D815.5    A 2096-3378(2021)06-0095-11

阿富汗的地理位置极为特殊,位于东亚、中亚、西亚和南亚的结合部上,连接着印度洋和欧亚大陆腹地,具有重要的地缘战略价值,被不少研究者视为“亚洲枢纽”。无论是哈尔福德·麦金德勾勒出的“枢纽地带”还是“心脏地带”,阿富汗都在其中。阿诺德·汤因比将阿富汗称为“亚欧大陆的东部枢纽”,穆罕默德·伊克巴尔则将阿富汗称为“亚洲之心”。然而,由于阿富汗特殊的地理条件、社会结构和民族性格,近代以来英国、苏联和美国这三个世界性强国在其国力最为鼎盛之时,都曾在阿富汗遭遇不同程度的挫败。对于中国而言,阿富汗作为一个重要而特殊的西部邻国,它的安全形势和内外政策不仅影响着中国西部周边国家的安全和“一带一路”建设在这些国家的推进,还对中国西部边疆的安全稳定有着直接和间接的影响。就直接影响而言,阿富汗如果再度成为国际恐怖主义势力的聚集地,势必会影响中国新疆的安全稳定。就间接影响而言,阿富汗关系到南亚内部的大国力量对比,而南亚内部的大国力量对比则关系到印度的对外政策,印度的对外政策则又关系到中国西藏和新疆的安全稳定。

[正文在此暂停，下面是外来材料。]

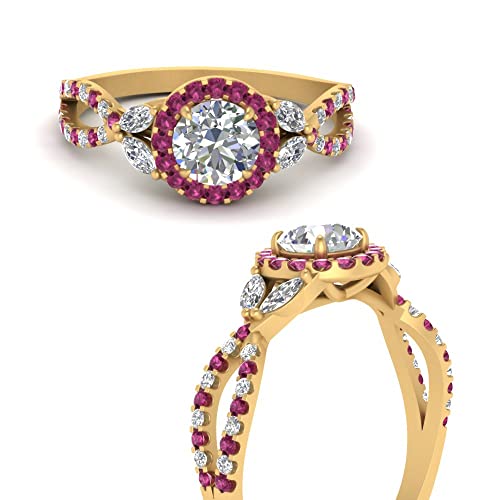 Image of Choose Your Gemstone Floral Split Shank Halo Engagement Ring Yellow Gold Plated Round Shape Split Shank Engagement Ring Lightweight Office Wear Everyday Gift Jewelry US Size 4 to 12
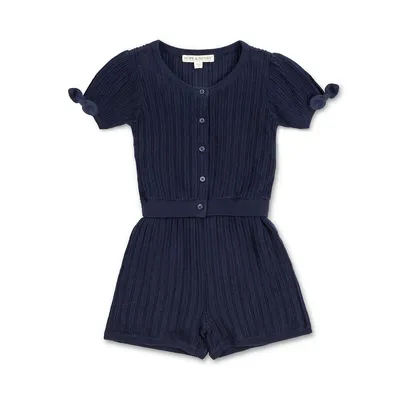Girls Button Front Sweater Romper
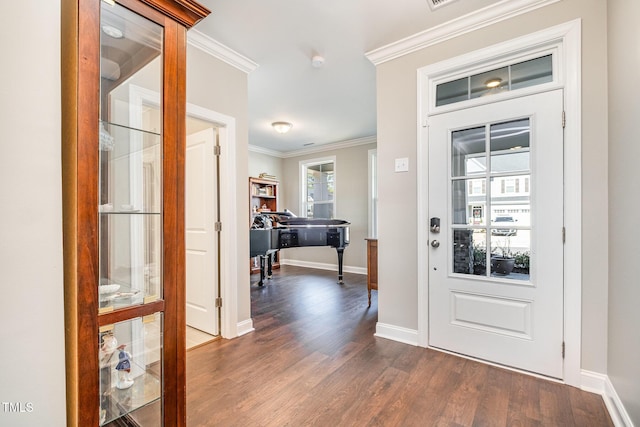 entryway featuring crown molding and dark wood-type flooring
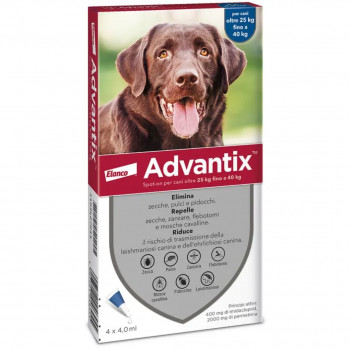 ADVANTIX SPOT ON CANI OLTRE 25 KG FINO A 40 KG 4 PIPETTE MONODOSE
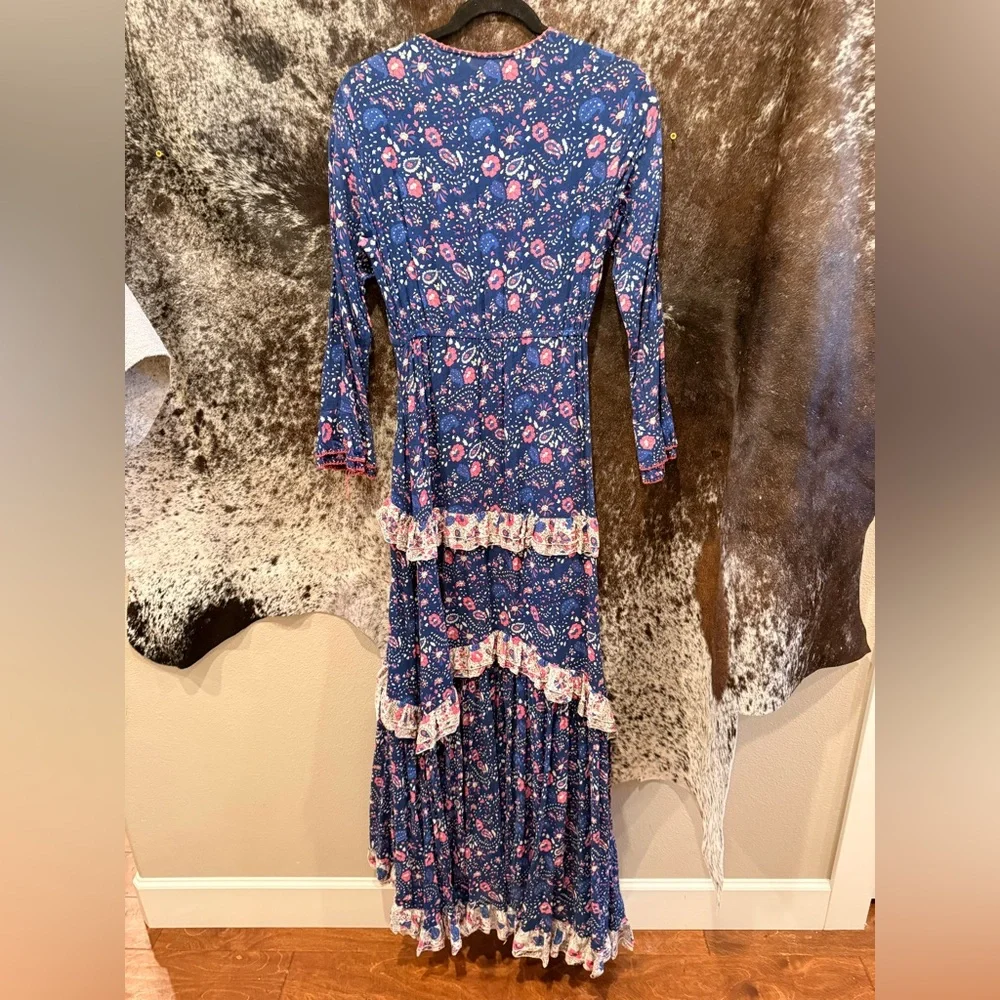 Chasing Unicorns - Dream On Ruffle Maxi Dress. Blue and Pink. Small. - Picture 6 of 10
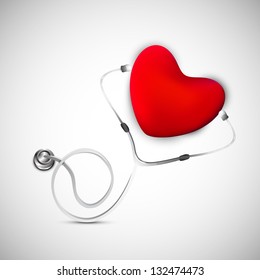 Abstract medical background with heart and stethoscope.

关于阿富汗局势对中国国家安全的影响,国内学界已有一定研究。这些研究主要关注“9·11”事件后阿富汗局势对中国国家安全的影响,但對于2021年夏季以来阿富汗变局鲜有系统的学术性研究。这些研究关注的焦点是藏身阿富汗的恐怖主义势力对中国国家安全的影响,但对阿富汗局势对传统安全的影响少有深入分析。藏身阿富汗的恐怖主义势力的确对中国国家安全构成了严重威胁,但它并不是阿富汗局势影响中国国家安全的唯一因素。分析阿富汗局势对中国国家安全的影响,既应看到它的直接影响,更应看到它的间接影响;既应看到它在非传统安全方面的影响,更应看到它在传统安全方面的影响。本文在分析阿富汗局势对中国国家安全的直接影响和它在非传统安全方面的影响的同时,侧重从大国地缘政治竞争角度分析它的间接影响和在传统安全方面的影响。

阿富汗局势对中国国家安全的基本影响可以分为两个方面。就外部安全而言,阿富汗局势关乎“一带一路”建设的行稳致远;就内部安全而言,阿富汗局势关乎中国西部边疆的安全稳定。阿富汗局势对中国内部安全的影响重要于它对中国外部安全的影响,对中国西部边疆传统安全的影响重要于它对中国西部边疆非传统安全的影响。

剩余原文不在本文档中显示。